Both Linux and Windows can use a TPM for secure boot.

¹ Tamper-resistant means that if an attacker manages to mess with it, we consider that attacker to be too powerful to defend against.


The main question is: What's your threat model?

A hard disk getting lost? An attacker stealing the server (or its disks) from the CPD? A hosting company employee going rogue?

What cost are you willing to pay for an enhanced security?

You would get the most assurance by combining a TPM with a user-provided passphrase.

Yes, even a headless server could be provided a boot passphrase: it can get a keyboard or a KVM connected for the boot process. Or alternatively, a usb stick which is inserted for the booting process and then removed.

The main drawback is that such server cannot reboot automatically (in case of maintenance or a power-cut).

Is there any protection against a boot-partition modification? E.g. a signature?

This could be done with Secure Boot and proper chaining. You would probably need to configure it with your own keys.

Note that having a verified boot partition would not prevent an attacker from extracting the disk and their contents.

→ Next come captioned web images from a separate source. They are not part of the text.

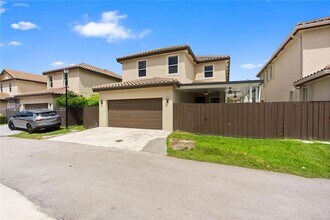 24442 SW 117 Path in Princeton, FL - Building Photo - Building Photo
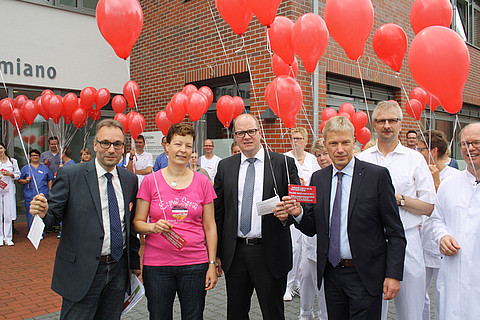 Rote Karte für die Gesundheitspolitik der Bundesregierung (vorne, v.l.n.r.): Dr. Martin Pohlmann (Stellvertretender Direktor Landes-Caritasverband für Oldenburg e.V.), Christa Schierholt (Vorsitzende der Mitarbeitervertretung, St. Josefs-Hospital), Mich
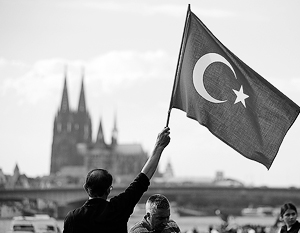 Возможные выступления турецких политиков на митингах своих соотечественников в Германии стали поводом для конфликта двух стран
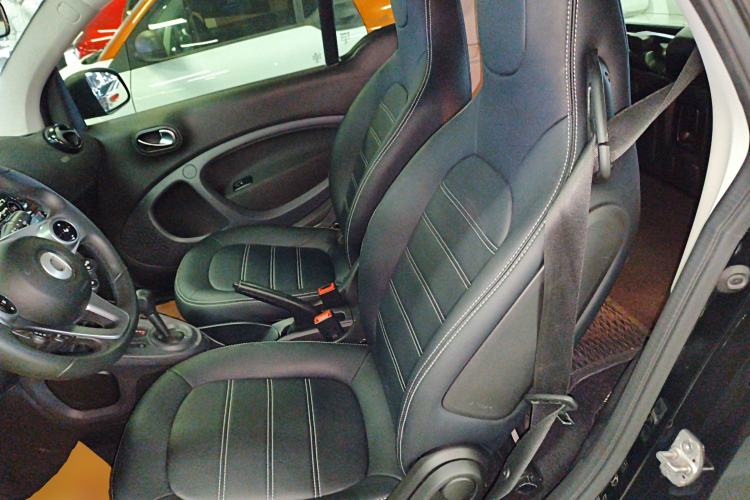 Used  fortwo 2019 0.9T 66kW Hardtop Wind Power Edition China VI
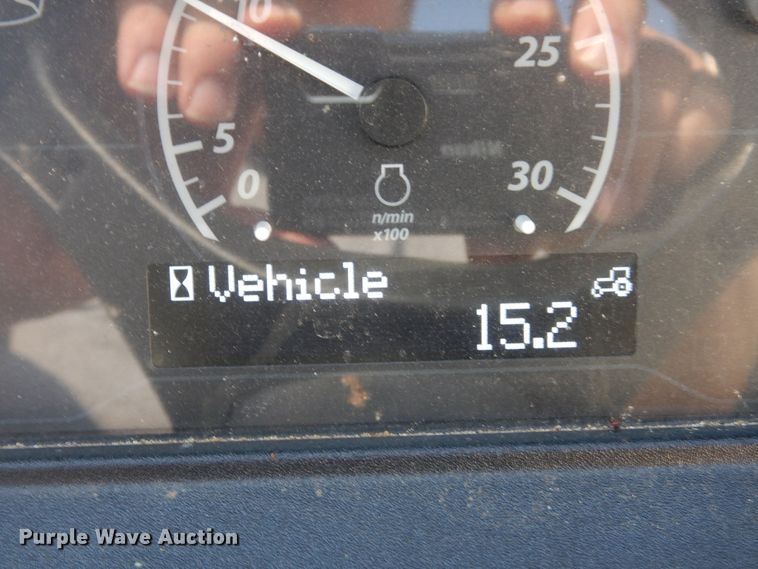 image for item DH8499 2021 John Deere 3035D  MFWD tractor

You could remotely provide the key to the "verified boot partition", but someone who cloned your disk could impersonate the server (basically, create a MITM which syphons the decryption key). You would need to ensure that you are really talking to your server-with-verified-code and not an evil clone. This is surely possible using Intel SGX or similar technologies, but probably not trivial.

Regarding your Bonus question, you boot the final kernel. The initramfs mainly provides some extra modules and scripts. While a two-kernels procedure would be possible, I'm pretty sure you don't have a separate "system kernel", only the one stored at /boot which is the one you are booting into (plus perhaps some older, unused ones).

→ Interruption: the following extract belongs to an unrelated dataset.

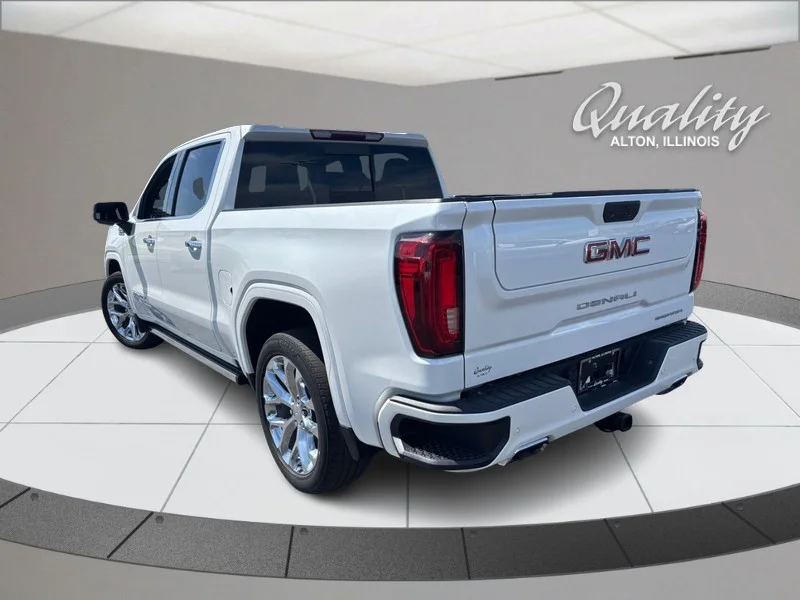 Used 2022 White Frost Tricoat GMC Denali image 6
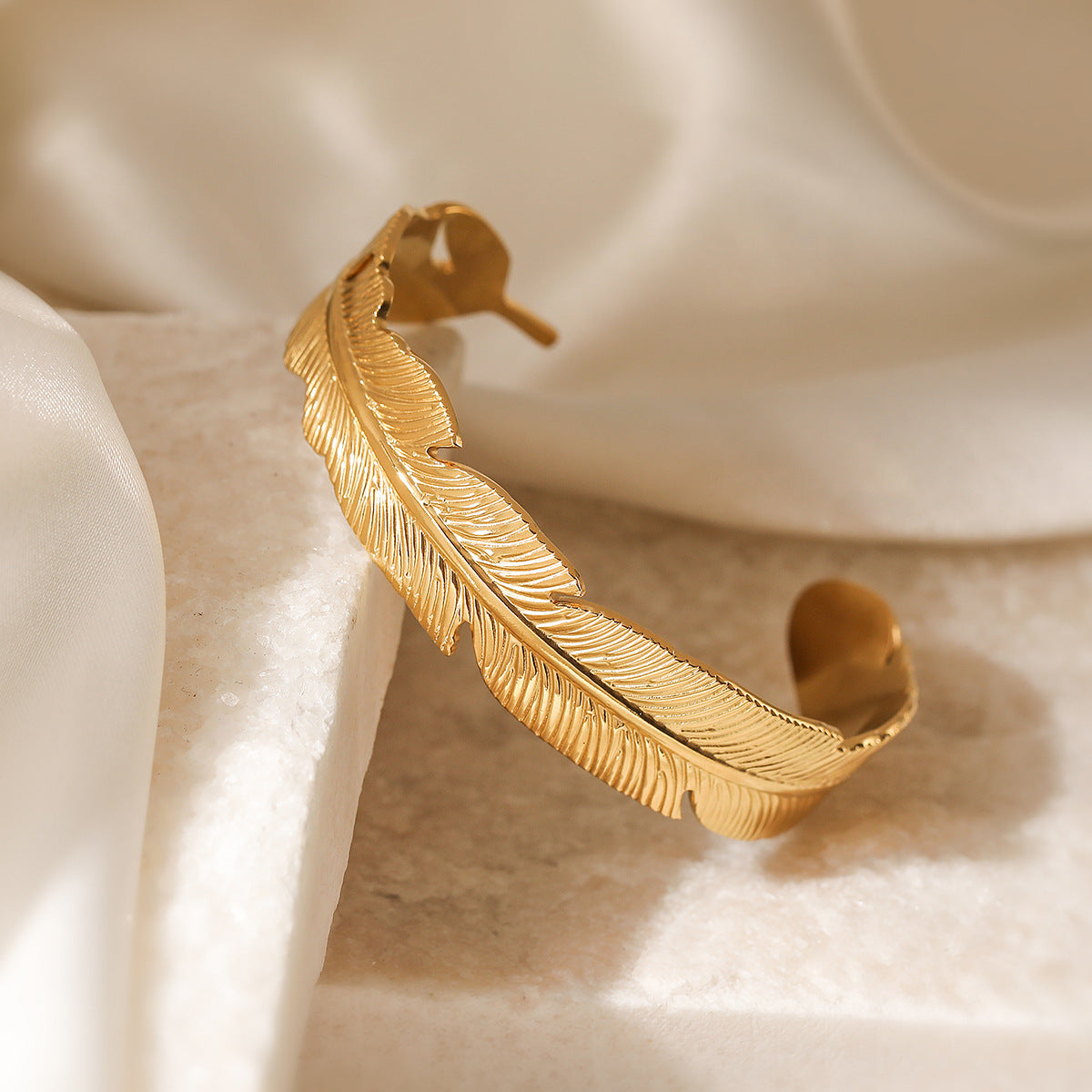 Fashion Vintage Micro-Set Irregular Open Cuff Bracelet 18K Gold Plated Stainless Steel for Women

Little known fact: although it's not of much use in your case, it is possible to have an encrypted /boot, with grub decrypting /boot (and since /boot is encrypted, it can contain the keys to decrypt the rest of the disk, anyway).


Protecting the boot process has been addressed by the UEFI Secure Boot (see a tutorial on how to install Ubuntu using it).

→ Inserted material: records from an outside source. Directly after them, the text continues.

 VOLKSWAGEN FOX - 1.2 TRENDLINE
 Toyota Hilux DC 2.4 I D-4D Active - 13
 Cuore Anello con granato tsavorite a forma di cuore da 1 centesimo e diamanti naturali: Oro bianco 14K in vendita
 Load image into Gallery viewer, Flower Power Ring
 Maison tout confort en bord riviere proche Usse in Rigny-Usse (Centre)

UEFI SecureBoot can be used to verify that the kernel or any other program that is executed during the boot process has not been tampered with. Although, as you already know, an attacker having physical access to your computer means that there's practically no defense against a system compromise.

The rest of your (bonus) questions should probably be asked to unix & linux. However, a quick answer is that you only load one kernel, it is not swapped with another one once the system is loaded. What happens is that the initramfs is used to decrypt the partition that has the operating system filesystem and then discarded, but the kernel stays the same.